Soundtrack album by Johnny Cash
- Released: April 2, 1973
- Recorded: 1971
- Genre: Gospel
- Label: Columbia
- Producer: Larry Butler

Johnny Cash chronology
| Any Old Wind that Blows (1973) | The Gospel Road: A Story of Jesus (1973) | Johnny Cash and His Woman (1973) |

Singles from The Gospel Road
- "Children" Released: January 26, 1973;

= The Gospel Road =

The Gospel Road: A Story of Jesus is a double album and the fourth gospel album and 45th overall album by American country singer Johnny Cash, released on CBS Records in 1973. It is the soundtrack to the film of the same name released by Twentieth Century Fox.
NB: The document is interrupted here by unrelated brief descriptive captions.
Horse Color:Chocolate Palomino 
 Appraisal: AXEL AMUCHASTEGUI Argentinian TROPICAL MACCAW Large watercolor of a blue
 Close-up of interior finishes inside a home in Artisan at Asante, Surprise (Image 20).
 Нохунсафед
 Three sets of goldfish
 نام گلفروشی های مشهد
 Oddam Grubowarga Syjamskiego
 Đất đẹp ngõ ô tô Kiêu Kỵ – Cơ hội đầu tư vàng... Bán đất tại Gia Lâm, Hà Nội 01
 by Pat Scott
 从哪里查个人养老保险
The movie and the soundtrack tell the story of the life of Jesus. The album consists primarily of spoken-word recordings taken from the film of Cash describing the action on screen, interspersed with occasional songs, including several that are presented in piecemeal form through the album. Additional vocalists featured on varying tracks include The Carter Family, The Statler Brothers, June Carter Cash (who in the film and on the album portrays Mary Magdalene), Larry Gatlin, Kris Kristofferson, and Rita Coolidge. Songs performed included several that Cash had previously recorded for records such as The Holy Land and Hello, I'm Johnny Cash ("He Turned the Water Into Wine" and "Jesus Was a Carpenter", respectively), along with cover versions of the Larry Gatlin song "Help Me" (which is titled simply "Help" on this release) and "Follow Me" by John Denver. Cash later recorded a full version of "Help Me" which was included on the posthumous album American V: A Hundred Highways under its complete title.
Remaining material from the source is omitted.